Three things stood out in all of this smart fun — that Jackson Lamb remains much smarter and more capable than he lets on, that Diana Taverner has a plan and is not going down easily and the motivations of Louisa and the missing diamond are probably more complicated than we think — though it would be equally daring in a narrative way to just stick with what’s been suggested; that Louisa took the diamond, she’s a distracted, perhaps team-less player, and her motivations are personal.
“Slow Horses” is a series that proves that espionage series need not be too slow or cumbersome — though many good ones, including films, shine by being slow and serious, quiet and nuanced. If “Slow Horses” is pulling off this neat trick that Season Two so clearly established — that it’s intelligent and entertaining in equal measures — then there’s a lot of glorious watching ahead of us.
I’m definitely ready to see more of Lamb’s dirty-fingered raincoat for another season.
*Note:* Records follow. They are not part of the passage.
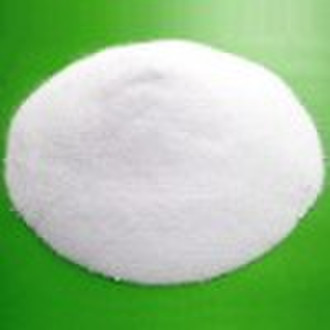 Zinc Sulphate Monohydrate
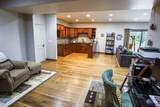 317 Yarrow Circle - Photo 22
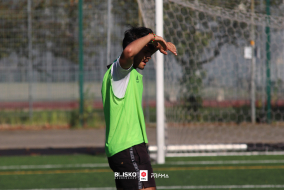 <a href="https://st.getinfootball.com/albums/1097388/68d4a8aadb20b_1920.jpg" target="_blank">Download original</a>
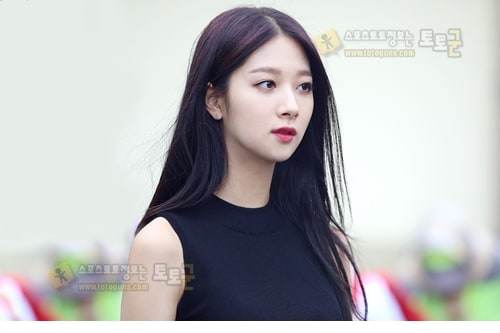 먹튀검증 토토군 포토 19호룩 모음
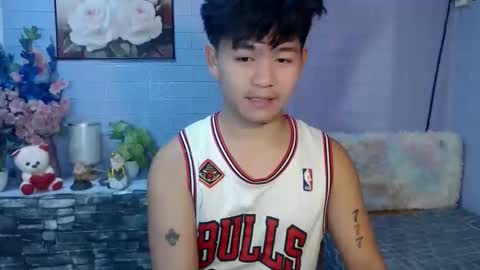 Albert online show from May 7, 12:28 am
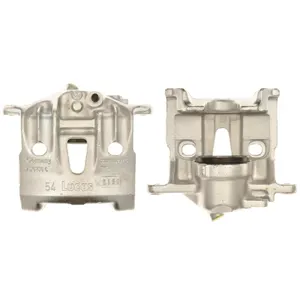 BOSCH 0 986 473 177 Étrier de frein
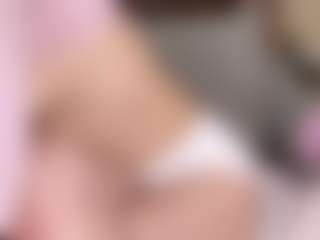 AizaXO's Live Sex Cam Show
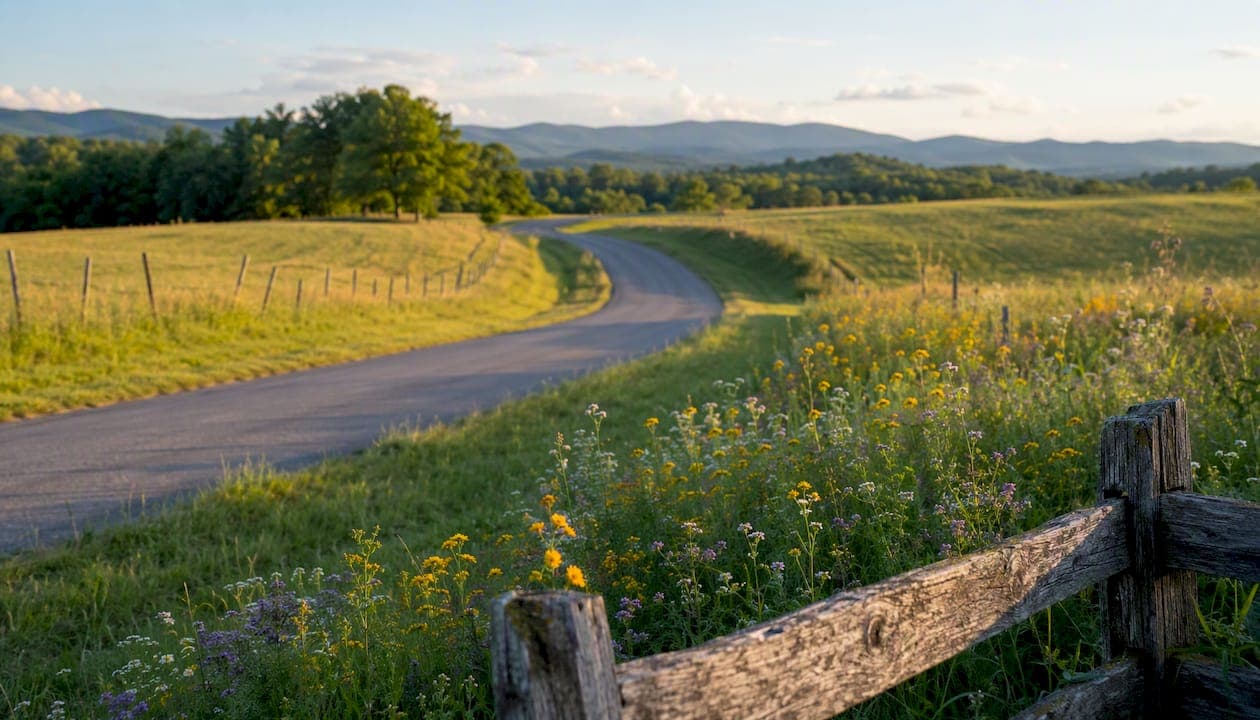 Stuarts Draft, VA: Complete Community Guide for Residents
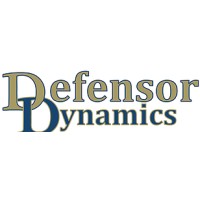 Defensor Dynamics LLC logo, Defensor Dynamics LLC contact details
I’m REALLY glad we’re doing this show, I kinda tried it out one day and was immediately hooked...
This season starts off with a file, Slough House is bursting at the seams with files, and Taverner is now custodian to the “George and Ringo” Files in the bunker...
I guess they’re trying to tell us something...
Also the first two episodes are littered with overhead shots usually right before something bad happens...
Other thoughts:
Episode 1…
- Slow Horses is now 3 for 3 on season opening sequences…
- There’s no way they BOTH speak Turkish…
- The complete lack of security at that soccer stadium is both alarming and atrocious…
- The musical cue directly after “There will be always be a reckoning” was not exactly subtle…
- George and Ringo level files and parallel symmetry inside the bunker vault…
- POV Alert when naked finance douche was grabbing the ice cream with the diamond in it…
- Good to see Jackson does something approximating bathing from time to time…
- Louisa: “If he’s doing anything for himself, something’s up” that is the essence of this show right there…
Episode 2…
- The security at MI-6 headquarters seems to be only marginally better than the Turkish Soccer Stadium…
- Jackson “The fucking names why don’t the just go for rock hard cocks” curiously this phenomenon applies to MMA Gyms as well…
- In the 21st Century even the dogs ain’t taking on HR...
I suspect that I’ll have to rewatch several of these episodes before we get to the end of the season because I’ll have gotten lost with the story line. I’m also looking forward to Kristin Scott Thomas and Sophie Okonedo facing off.